Samantha Blickhan on platform-side iteration: learning from the Davy Notebooks Project

In contrast to the majority of posts on the project blog, I want to focus on the technical side of things. In particular, I want to highlight a few ways that we at the Zooniverse have changed our public offerings and internal practices based on lessons learned during our multi-year collaboration as part of the Davy Notebooks Project (henceforth DNP).

One of the biggest impacts of this collaboration has been increased opportunities for teams aiming to build image-based text transcription projects that feature a common type of data organization. In most cases, a team’s dataset will be made up of multiple sub-groups of images. These sub-groups are typically uploaded via the Project Builder as different subject sets. For a project with multiple subject sets, teams need to possess enough information about the content and structure of their images across these sub-groupings to know whether they can all be sent to the same workflow, or whether they require different classification methods.
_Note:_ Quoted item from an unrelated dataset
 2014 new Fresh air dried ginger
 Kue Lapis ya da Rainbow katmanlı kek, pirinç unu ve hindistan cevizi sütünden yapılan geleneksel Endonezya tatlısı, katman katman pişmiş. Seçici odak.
Sometimes the content of the subject sets will merit varied technical approaches – e.g. a subject set containing tabular data will require different tools for data collection than a subject set containing letters – but other times a single technical approach can be applied to all sub-groupings for an entire dataset. The DNP is an example of the latter. Their full set of images is subdivided into individual, physical notebooks, all with the same goal of text transcription (composed of an underline marking + collaborative transcription) and a series of follow-up questions about what the participant has just transcribed.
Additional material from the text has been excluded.